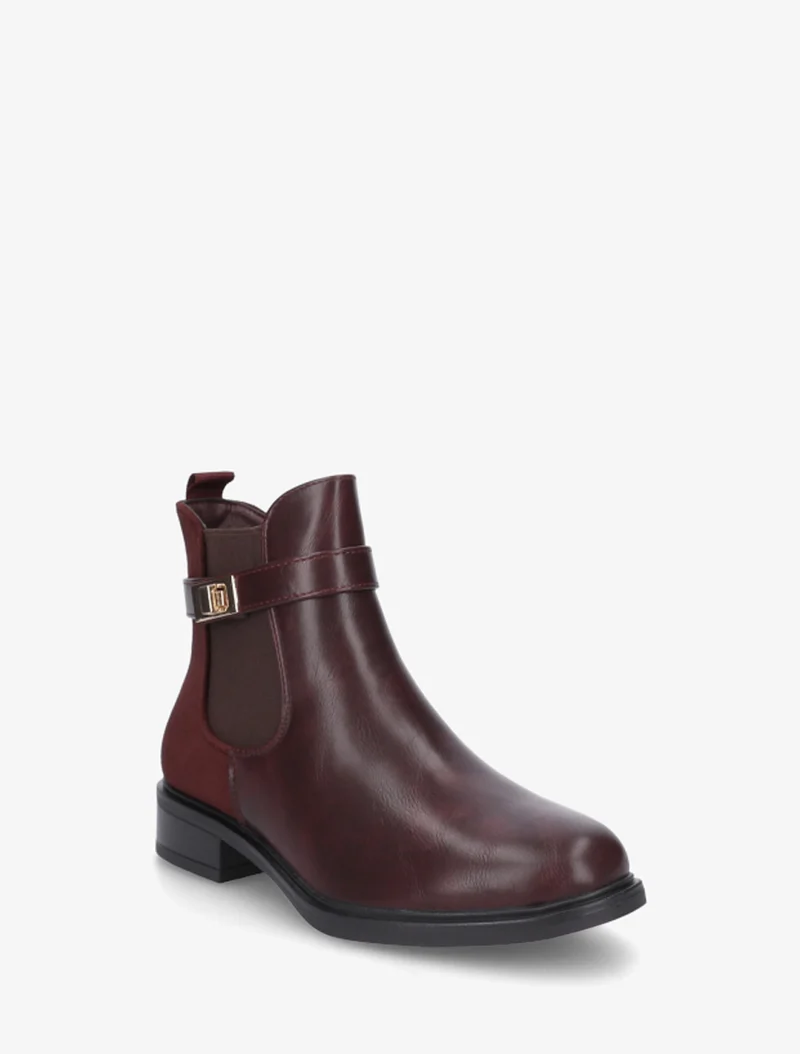 Bottines unies à contrefort en suédine - Lie de vin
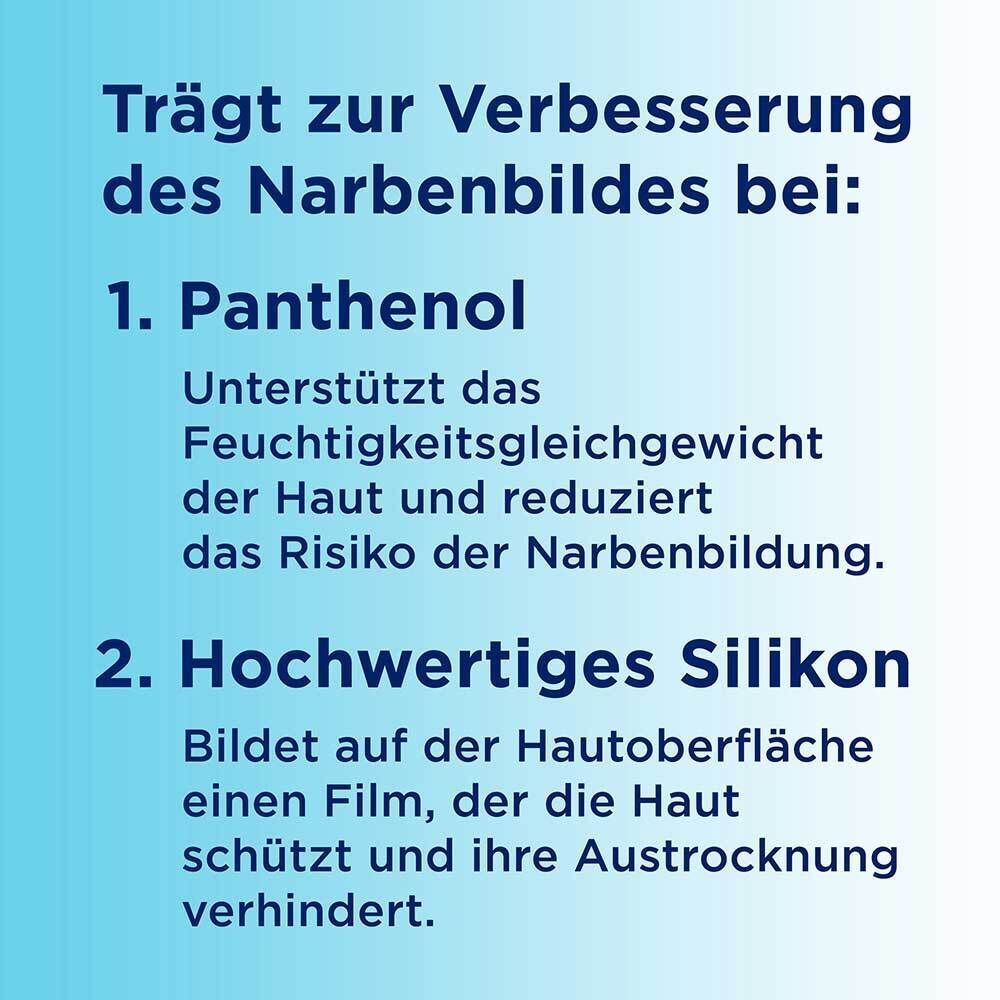 Wirkstoffe: Panthenol unterstützt Feuchtigkeit, Silikon schützt die Haut.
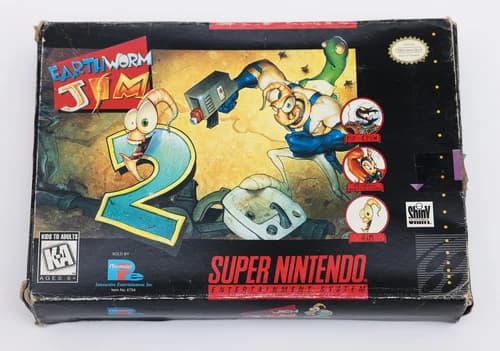 Earthworm Jim 2 - Super Nintendo SNES Genuine US/Canada - Complete in Box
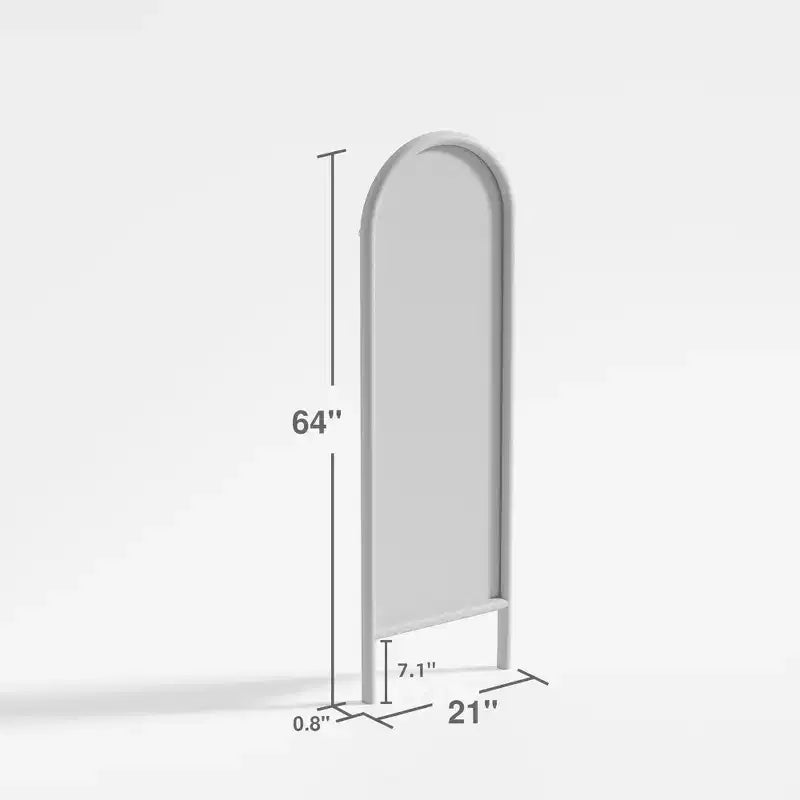 Miroir pleine longueur MAYEERTY en bois massif en forme d'arche noire 64x21x1 pouces sans support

□ □ □

### TO DO
From the first line above through the line containing "Earthworm Jim 2", copy everything exactly, without the pictures.

### RESPONSE AREA
 Bottines unies à contrefort en suédine - Lie de vin
 Wirkstoffe: Panthenol unterstützt Feuchtigkeit, Silikon schützt die Haut.
 Earthworm Jim 2 - Super Nintendo SNES Genuine US/Canada - Complete in Box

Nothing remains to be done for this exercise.